### The problem:
Drop every picture. Return the rest of the entries exactly.

### Task data:

------------------------

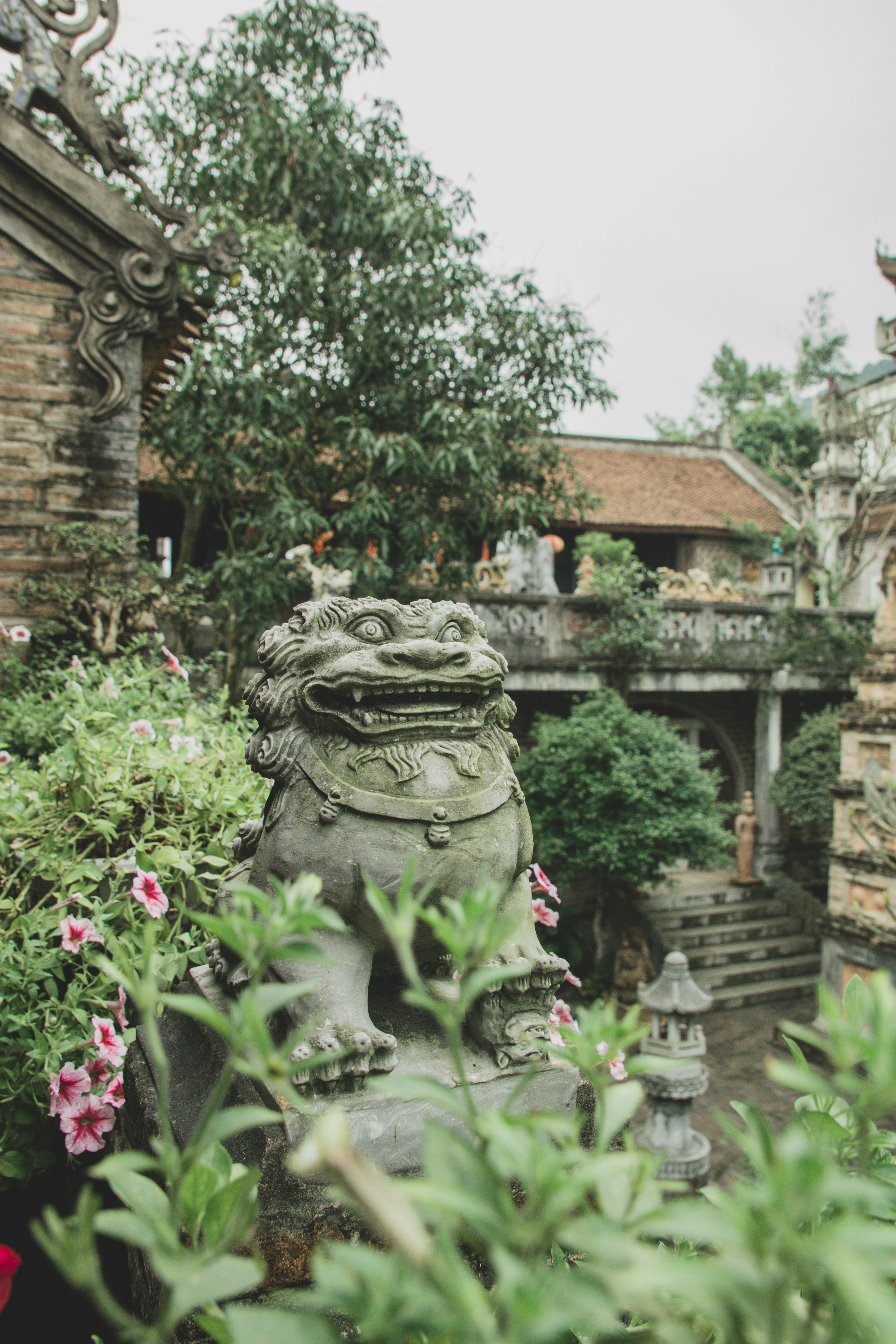 green concrete statue near brown brick building during daytime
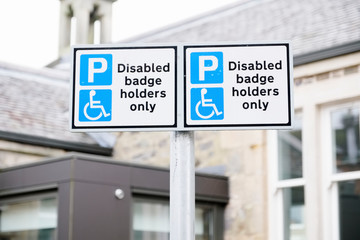 Disabled Badge Holders Only at Car Park Sign Post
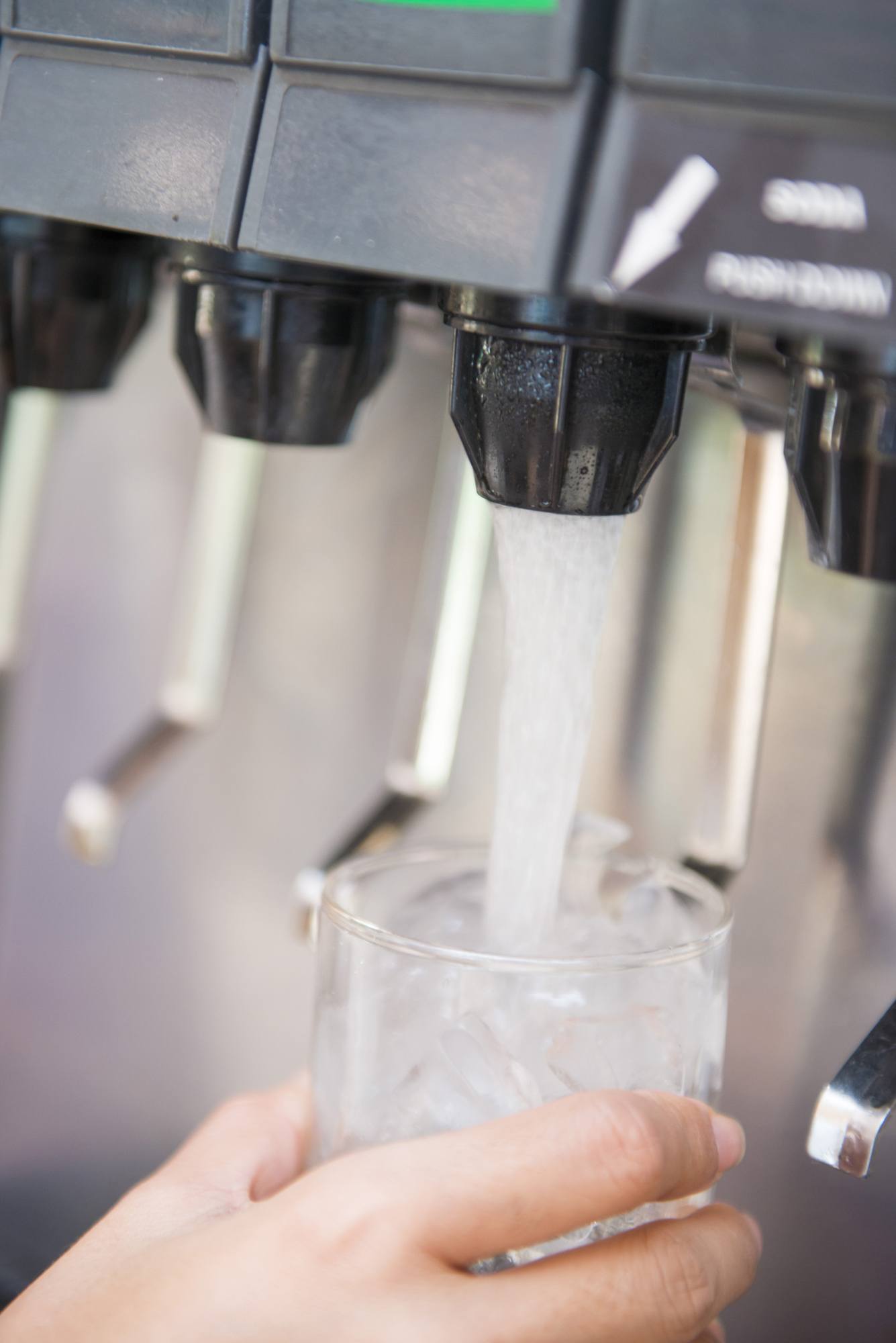 Pressing soft drink from machine, beverage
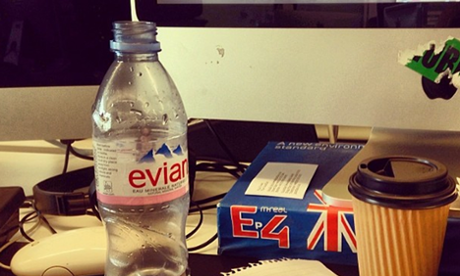 Evian bottle on desk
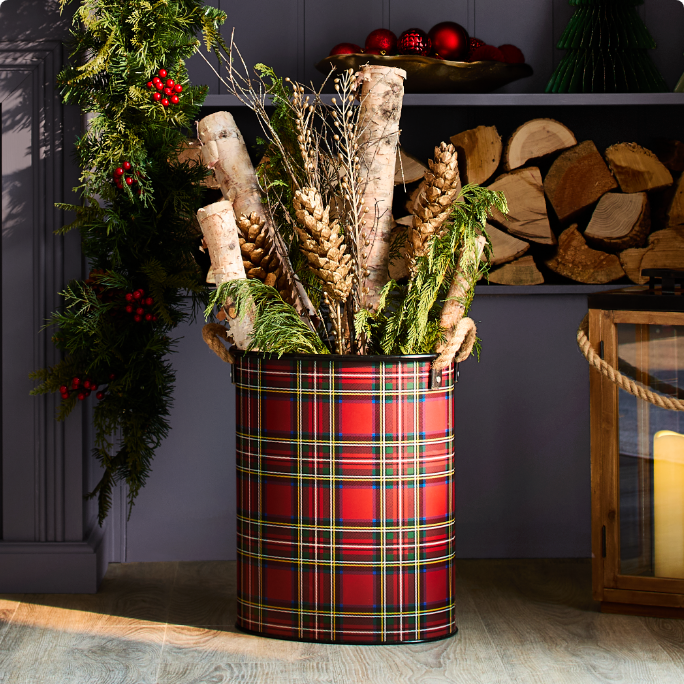 A red plaid container holding birch logs and greenery.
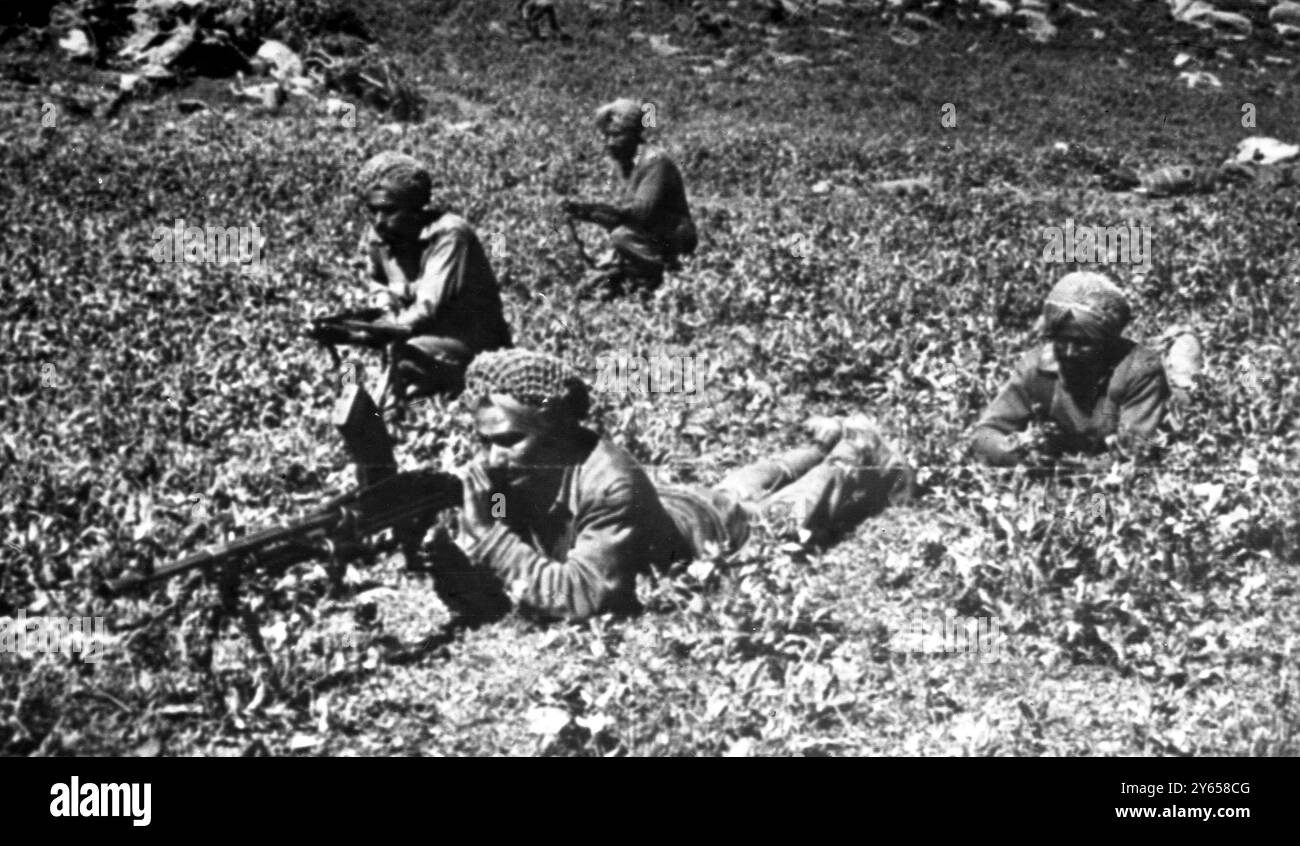 Les troupes indiennes sont photographiées avançant récemment à travers les broussailles des montagnes au Cachemire pour capturer le col de la colline de Haji Pir . Le premier ministre indien, M. Lal Bahadur Shastri, a déclaré que l'important laissez-passer est toujours entre les mains des Indiens. Hier , le Pakistan a envoyé de l'infanterie et des chars à travers la ligne de cessez-le-feu du Cachemire pour la première fois en 17 ans . Selon un porte-parole , des avions pakistanais ont abattu quatre avions indiens . 2 septembre 1965 Banque D'Images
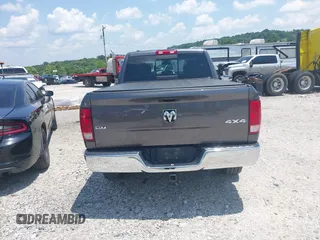 2019 Ram 1500 Big Horn z VIN 1C6RR7TT4KS516856, wystawiony jako IAAI lot #42479156 z przebiegiem 140 579 mil mil oraz . Historia ofert i sprzedaży dostępna na DreamBid. Obrazek 16.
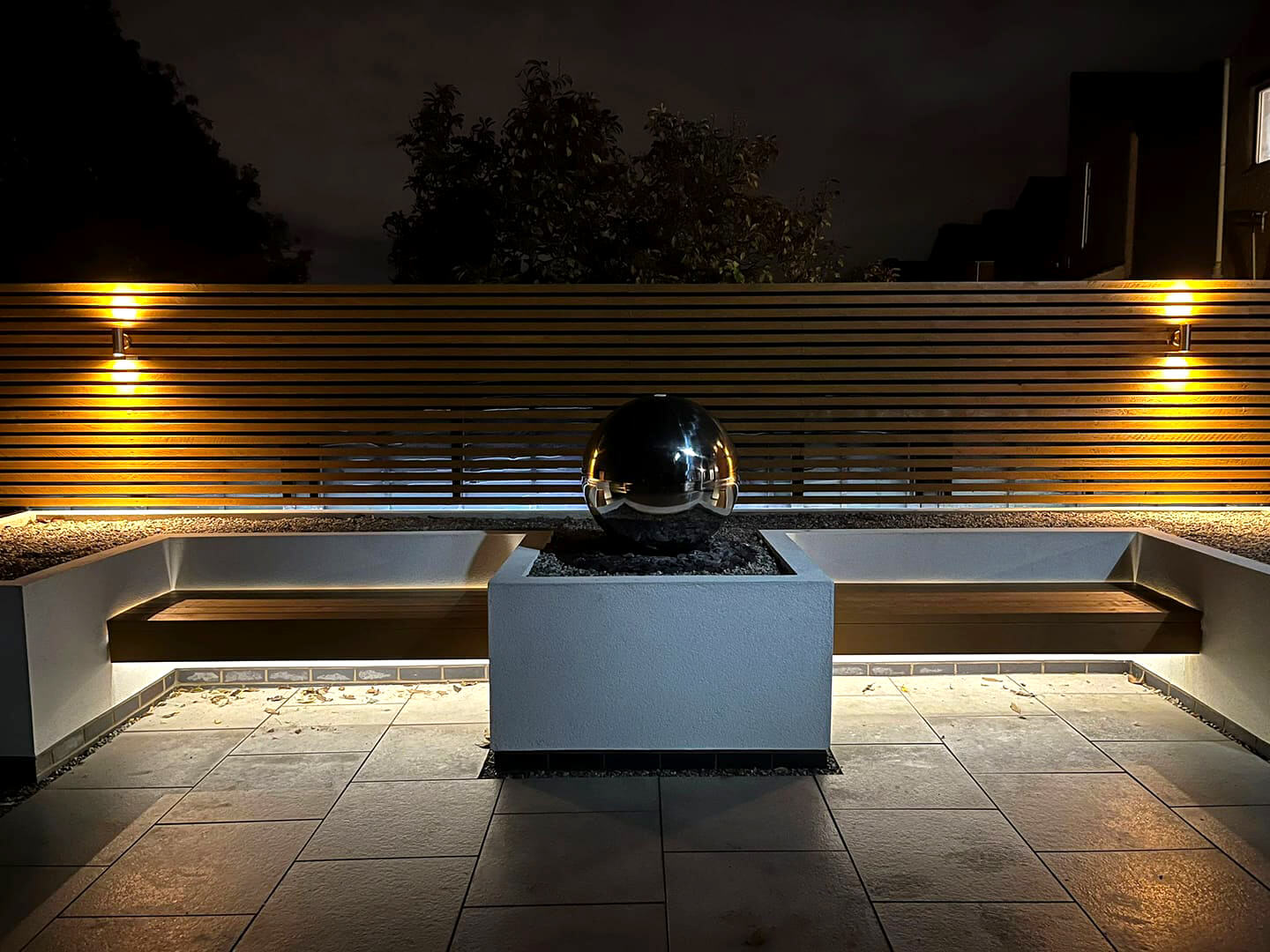 Garden Design Lighting with Raised Borders and Seating Area
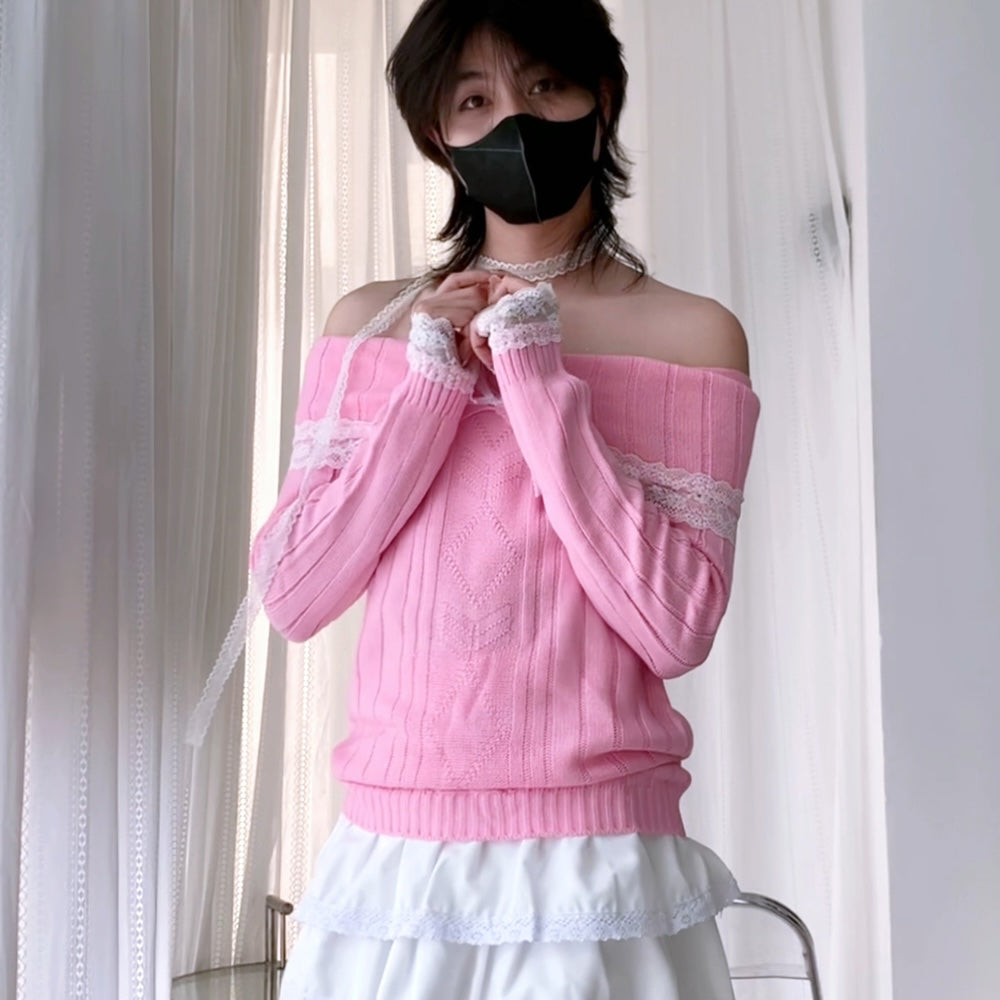 A femboy wearing a pink off-the-shoulder cable-knit sweater with white lace trim on the cuffs and hem, paired with a white ruffled skirt, standing in front of white curtains.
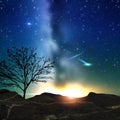 Starry night blue sky and orange  sunset beam flares   milky way nature landscape Royalty Free Stock Photo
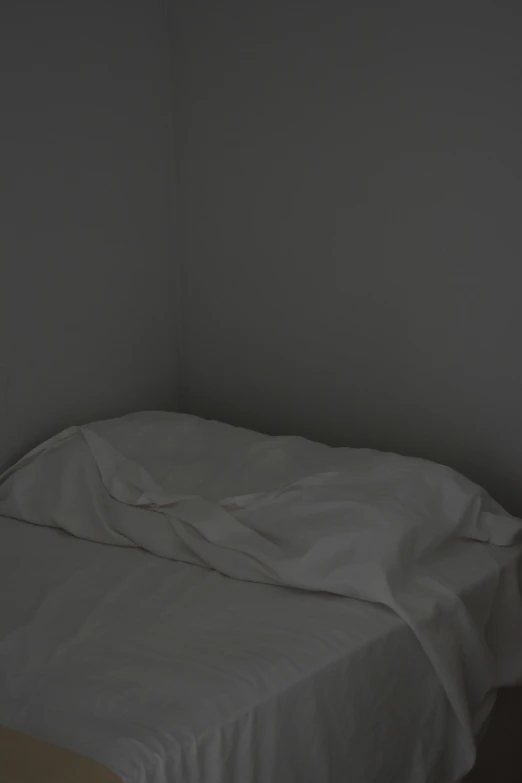 an empty bed in a small room
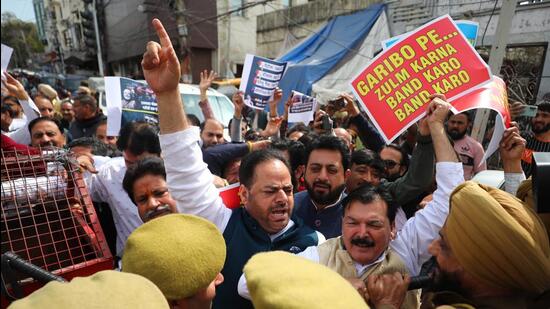 Police stop Congress’ J&K chief Vikar Rasool Wani and other senior party leaders during a protest over the imposition of property tax, in Jammu on Thursday. (PTI)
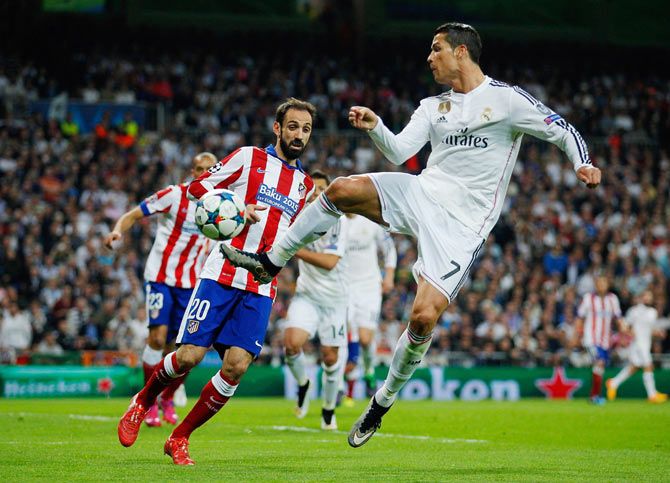Real Madrid's Cristiano Ronaldo is challenged by Atletico's Juanfran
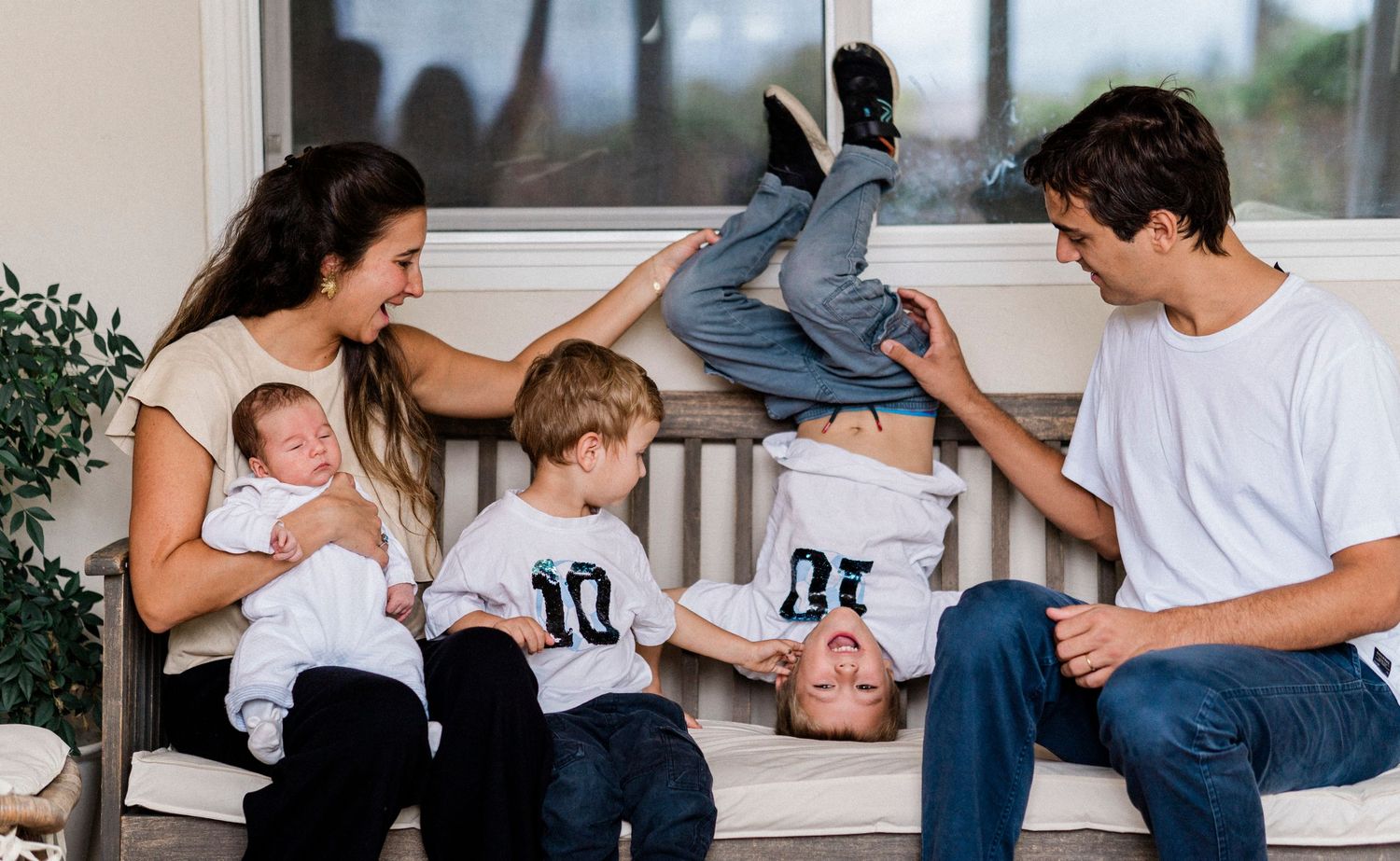 A collage of tender family moments shows parents and children bonding together on a white couch in casual attire.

------------------------

### Expected answer:
 green concrete statue near brown brick building during daytime
 Disabled Badge Holders Only at Car Park Sign Post
 Pressing soft drink from machine, beverage
 Evian bottle on desk
 A red plaid container holding birch logs and greenery.
 Les troupes indiennes sont photographiées avançant récemment à travers les broussailles des montagnes au Cachemire pour capturer le col de la colline de Haji Pir . Le premier ministre indien, M. Lal Bahadur Shastri, a déclaré que l'important laissez-passer est toujours entre les mains des Indiens. Hier , le Pakistan a envoyé de l'infanterie et des chars à travers la ligne de cessez-le-feu du Cachemire pour la première fois en 17 ans . Selon un porte-parole , des avions pakistanais ont abattu quatre avions indiens . 2 septembre 1965 Banque D'Images
 2019 Ram 1500 Big Horn z VIN 1C6RR7TT4KS516856, wystawiony jako IAAI lot #42479156 z przebiegiem 140 579 mil mil oraz . Historia ofert i sprzedaży dostępna na DreamBid. Obrazek 16.
 Garden Design Lighting with Raised Borders and Seating Area
 A femboy wearing a pink off-the-shoulder cable-knit sweater with white lace trim on the cuffs and hem, paired with a white ruffled skirt, standing in front of white curtains.
 Starry night blue sky and orange  sunset beam flares   milky way nature landscape Royalty Free Stock Photo
 an empty bed in a small room
 Police stop Congress’ J&K chief Vikar Rasool Wani and other senior party leaders during a protest over the imposition of property tax, in Jammu on Thursday. (PTI)
Real Madrid's Cristiano Ronaldo is challenged by Atletico's Juanfran
 A collage of tender family moments shows parents and children bonding together on a white couch in casual attire.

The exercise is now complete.